#### Requirement:
Taking the data below, please print only the lines from the line holding "10x Mosquito Head" to the line holding "Floor plan One Bedroom + Balcony", inclusive, with pictures omitted.

#### Data under study:

────────

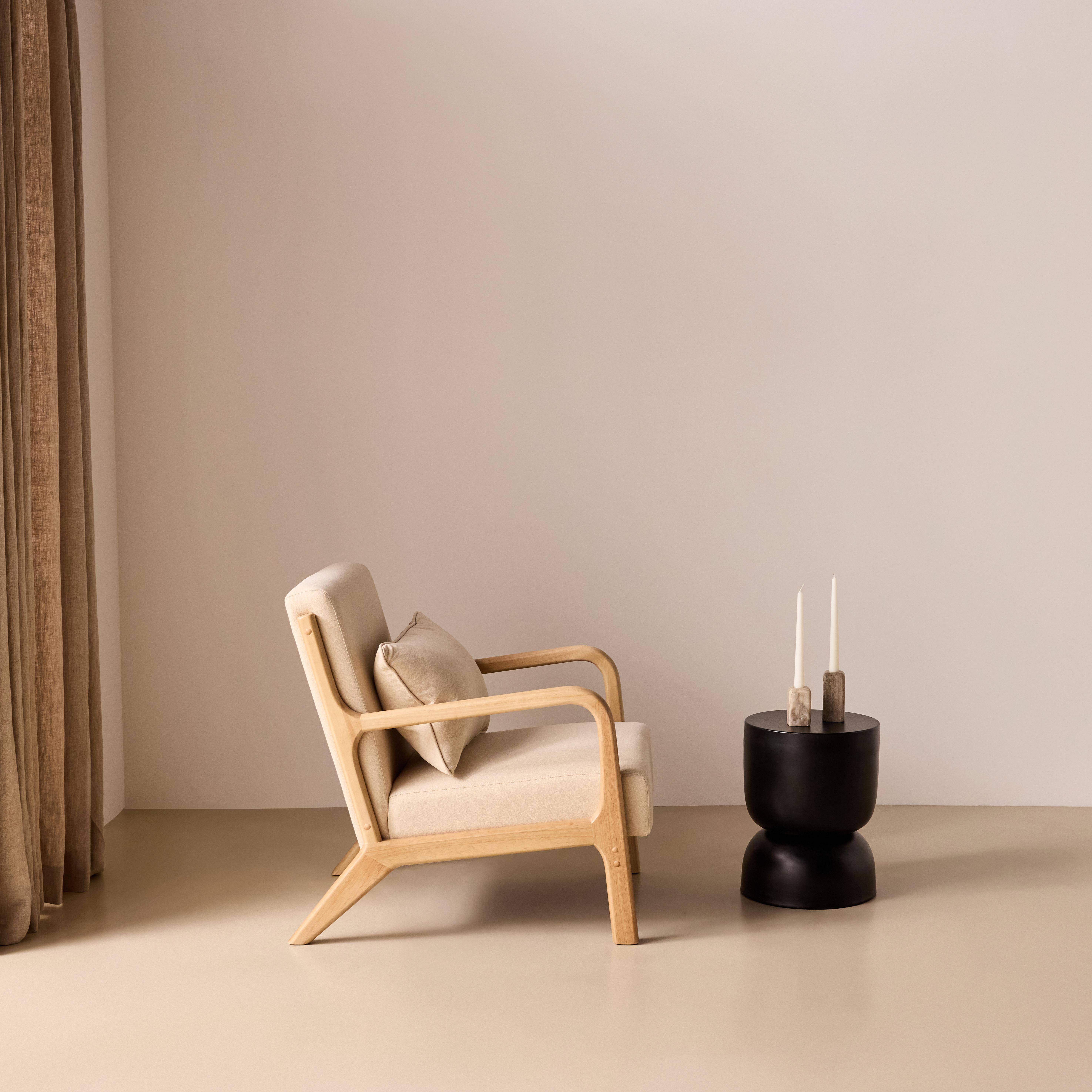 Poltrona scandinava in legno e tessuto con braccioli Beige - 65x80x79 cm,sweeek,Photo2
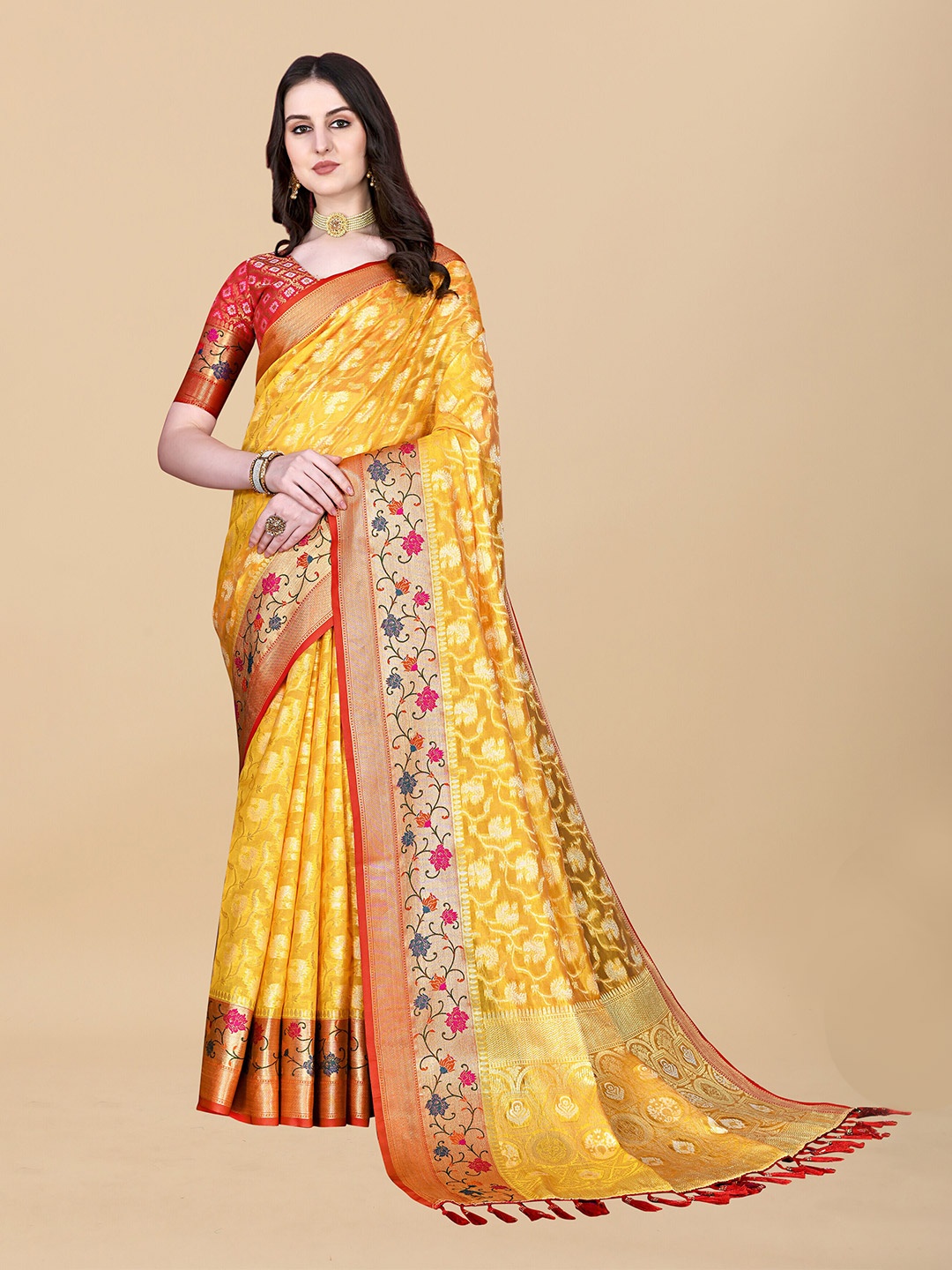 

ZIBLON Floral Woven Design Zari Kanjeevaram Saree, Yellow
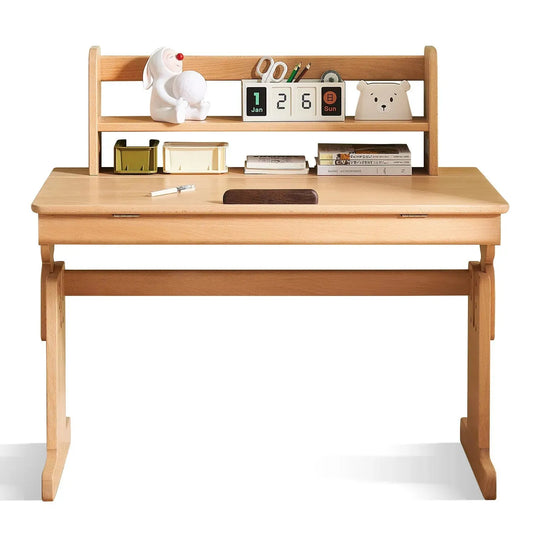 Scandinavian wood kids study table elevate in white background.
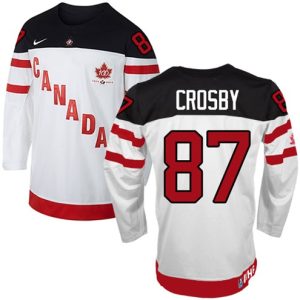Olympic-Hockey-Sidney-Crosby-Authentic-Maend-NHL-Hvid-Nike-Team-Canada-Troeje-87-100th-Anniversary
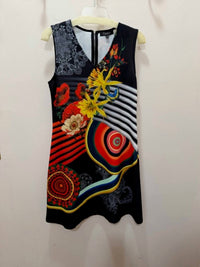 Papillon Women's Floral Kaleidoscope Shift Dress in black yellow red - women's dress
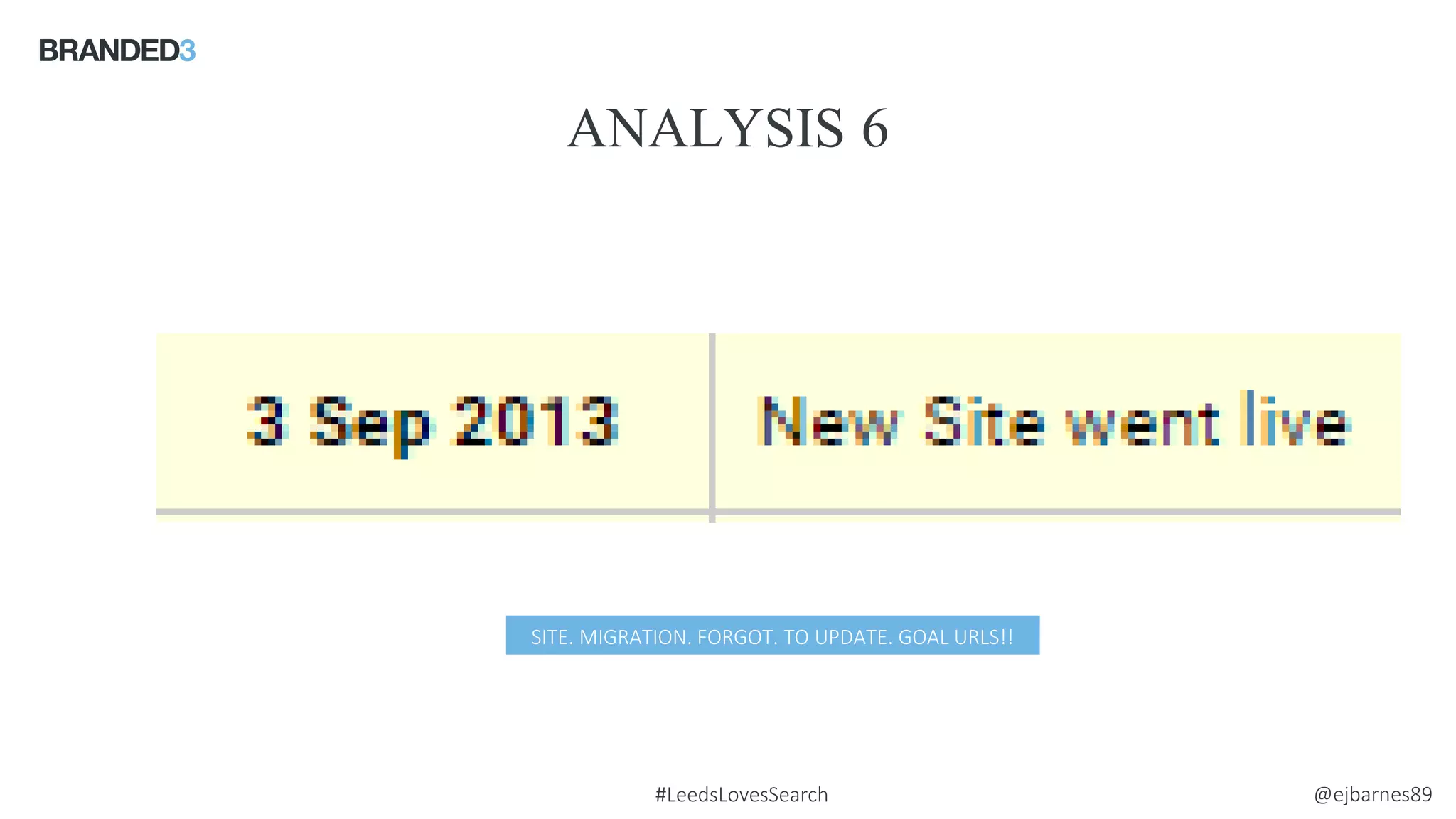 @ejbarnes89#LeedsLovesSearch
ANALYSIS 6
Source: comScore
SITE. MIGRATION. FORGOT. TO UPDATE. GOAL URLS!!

────────

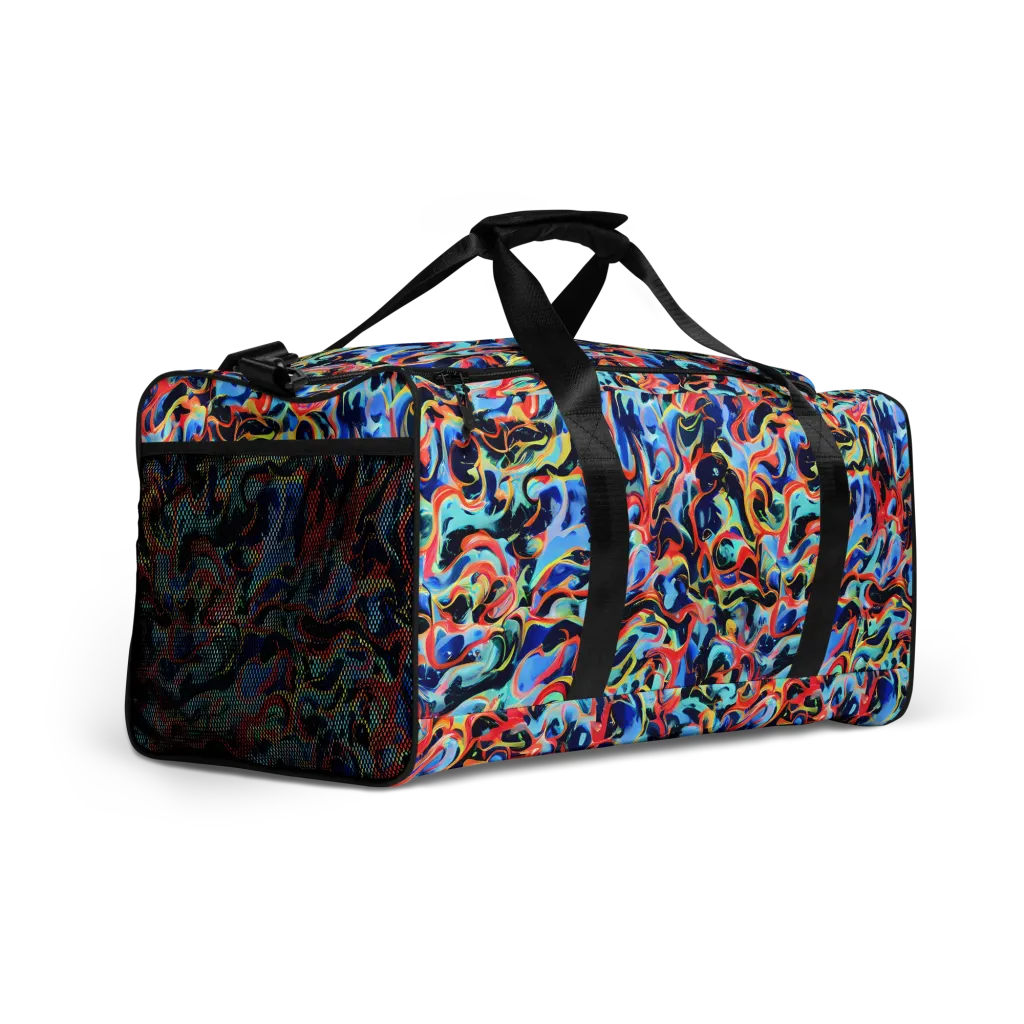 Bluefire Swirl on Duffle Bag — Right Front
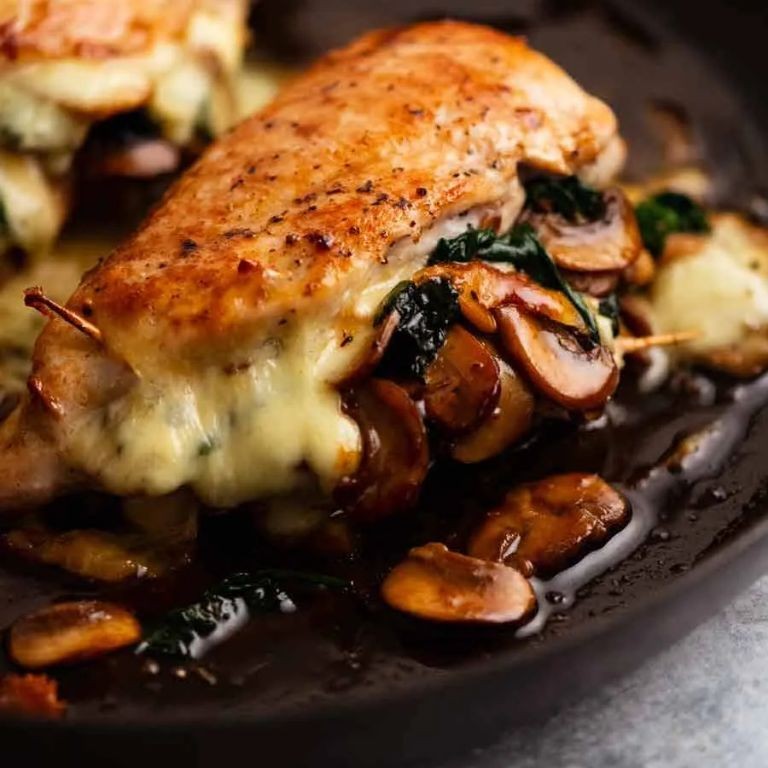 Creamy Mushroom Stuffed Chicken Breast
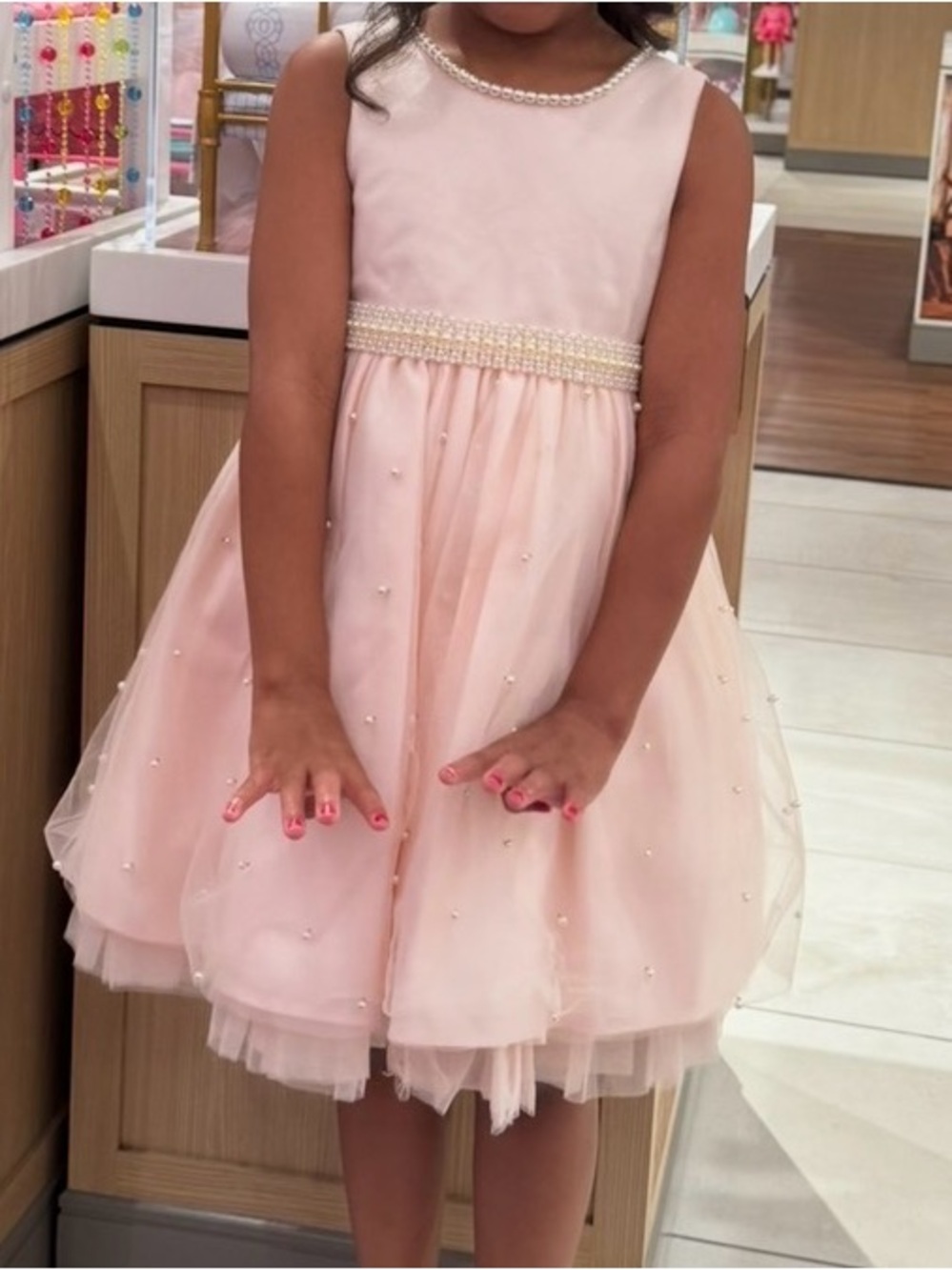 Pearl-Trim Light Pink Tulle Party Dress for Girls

────────

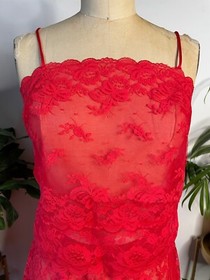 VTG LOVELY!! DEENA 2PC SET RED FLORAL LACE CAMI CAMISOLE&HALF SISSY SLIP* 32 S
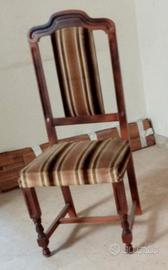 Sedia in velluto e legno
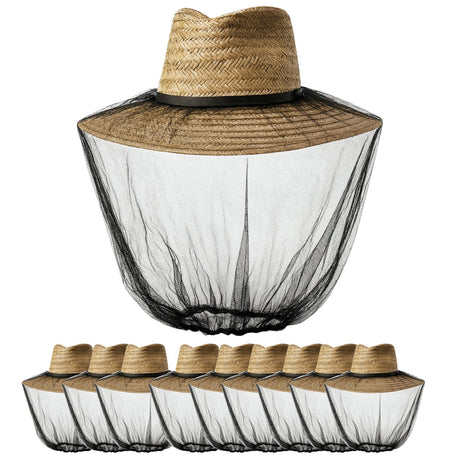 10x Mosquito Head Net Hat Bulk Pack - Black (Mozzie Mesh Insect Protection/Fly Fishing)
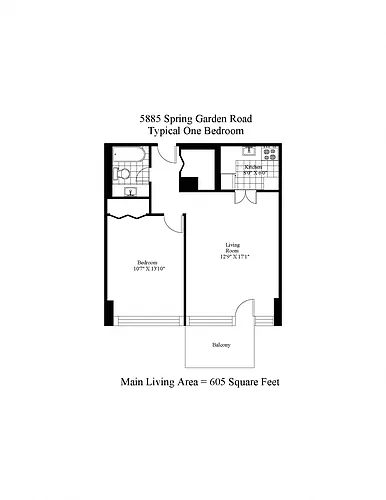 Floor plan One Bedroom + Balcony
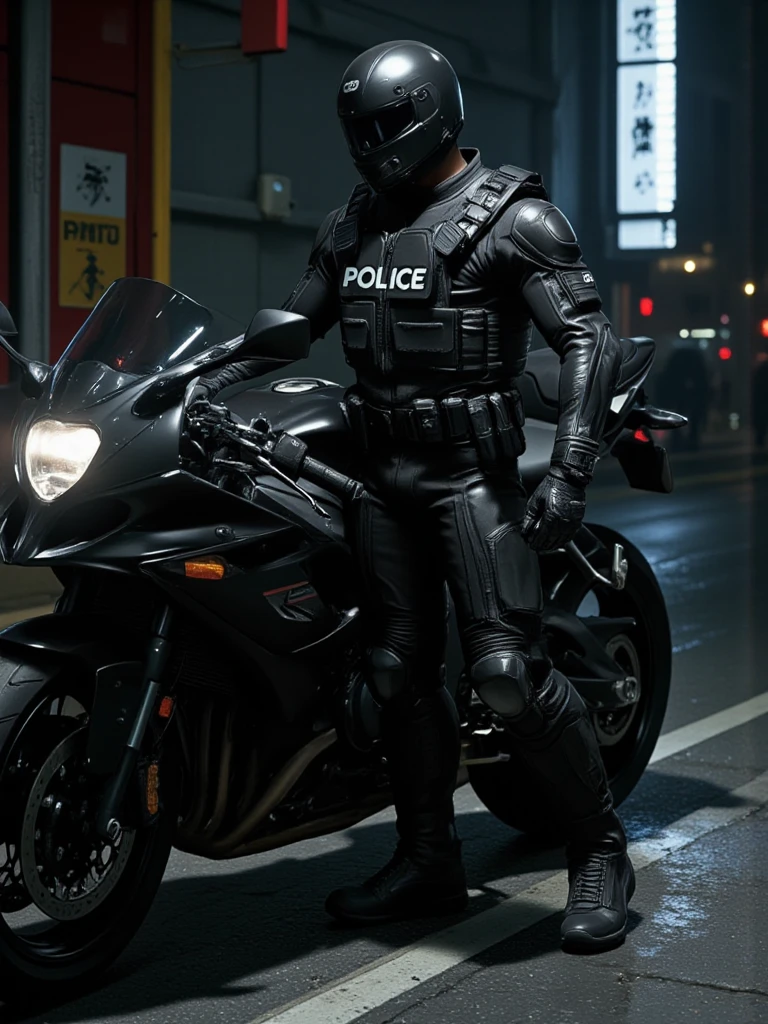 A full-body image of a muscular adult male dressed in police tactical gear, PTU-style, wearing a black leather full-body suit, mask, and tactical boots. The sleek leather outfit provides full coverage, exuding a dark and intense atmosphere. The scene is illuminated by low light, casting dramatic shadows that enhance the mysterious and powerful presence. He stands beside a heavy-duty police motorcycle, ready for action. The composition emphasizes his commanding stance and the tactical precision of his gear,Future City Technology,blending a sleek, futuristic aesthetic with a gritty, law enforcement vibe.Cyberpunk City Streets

────────

#### Response:
 10x Mosquito Head Net Hat Bulk Pack - Black (Mozzie Mesh Insect Protection/Fly Fishing)
 Floor plan One Bedroom + Balcony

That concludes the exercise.